Over the past few editions, in keeping with the growth of Indian chess, the performances in the Olympiads have been consistent.

Proud achievement: Some members of the Indian team which won the bronze medal at the Chess Olympiad in Tromso, Norway, in 2014. From left: S. P. Sethuraman, R. B. Ramesh (coach), Padmini Rout, Parimarjan Negi, and M. Lalith Babu.

Proud achievement: Some members of the Indian team which won the bronze medal at the Chess Olympiad in Tromso, Norway, in 2014. From left: S. P. Sethuraman, R. B. Ramesh (coach), Padmini Rout, Parimarjan Negi, and M. Lalith Babu. | Photo Credit: The Hindu Photo Library

Over the past few editions, in keeping with the growth of Indian chess, the performances in the Olympiads have been consistent.

Nearly 100 years after the first ‘Chess Olympic Games’ were held in Paris to coincide with the eighth Summer Olympic Games in the French capital in 1924, India gets to host the most prestigious team championship in the game.

The Olympiad, held every even-numbered year, returns to Asia 30 years after Manila hosted it in 1992.

Though officially the Chess Olympiad came into being in 1927 when London’s Westminster Central Hall saw 70 players from 16 nations participate in a four-board round-robin format, India made its maiden appearance in 1956 in Moscow and finished 27th out of 34 participants.

The team represented by R. B. Sapre, Ramdas Gupta, B. P. Mhaiskar and S. Venkatraman were placed in Group 3 (the more elite teams were placed in stronger groups). The quartet scored seven wins, drew four and lost six from 17 matches. After this ordinary debut, India missed the next edition and played the next three editions to finish 24th (1960), 28th (1962) and 37th (1964). However, from 1966 to 1978, India did not participate due to several reasons.

Since 1980, India has figured in every edition. The best showing came in Tromso (2014) where the team comprising Parimarjan Negi, S. P. Sethuraman, K. Sasikiran, B. Adhiban and M. R. Lalit Babu returned with a bronze medal.

India made its debut in the women’s section in 1978, when the eighth edition was played in Buenos Aires, and has figured in every subsequent edition. India came the closest to winning the elusive medal in 2012 (Istanbul) when the team consisting of D. Harika, Eesha Karavade, Tania Sachdev, Mary Ann Gomes and Soumya Swaminathan finished fourth.

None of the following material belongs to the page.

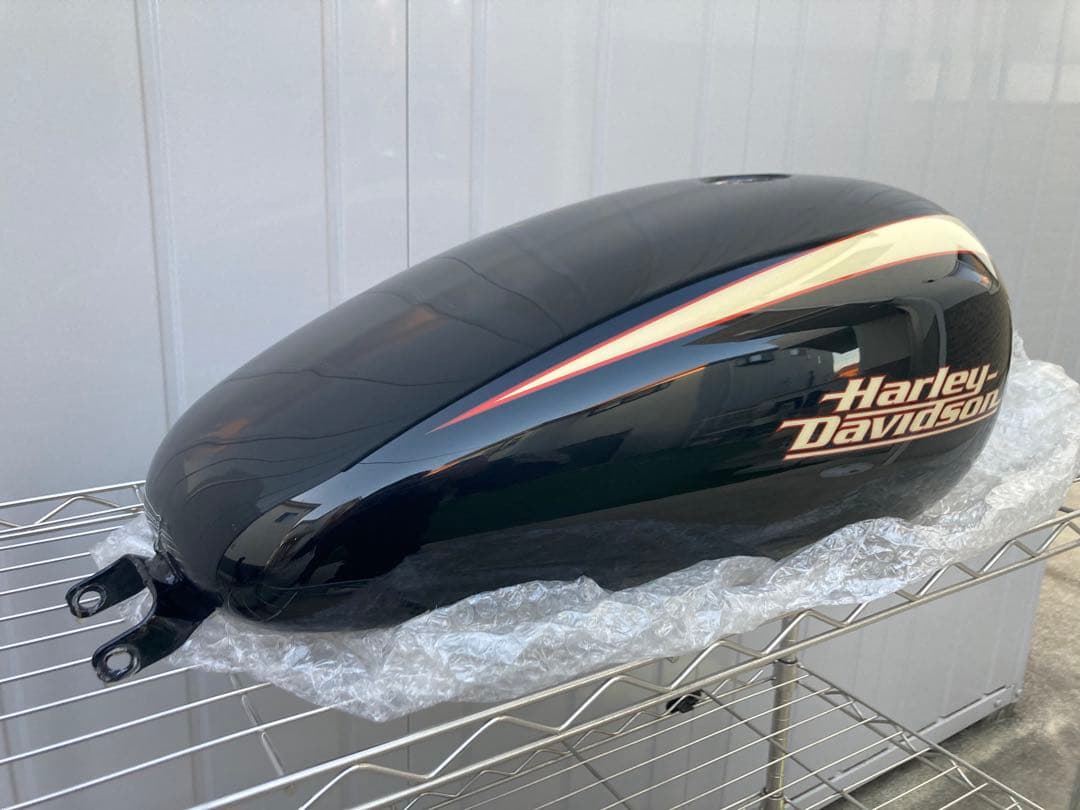 スポーツスター17Lタンク xl1200 883 4.5ガロン 凹み無し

India has produced some sterling individual performances, winning 10 medals on various boards in the two categories. Dibyendu Barua (1990) and Padmini Rout (2014) have returned with individual gold medals for their performances.

S. Vijayalakshmi is the only Indian to have returned with two silver medals for her top-board performances in 2000 and 2002.

Over the past few editions, in keeping with the growth of Indian chess, the performances in the Olympiads have been consistent. India has kept itself in the hunt for medals in both sections. However, except in 2014, India has not been able to break into the medal bracket. The home edition in 2022 offers India its best chance to win a medal in both sections.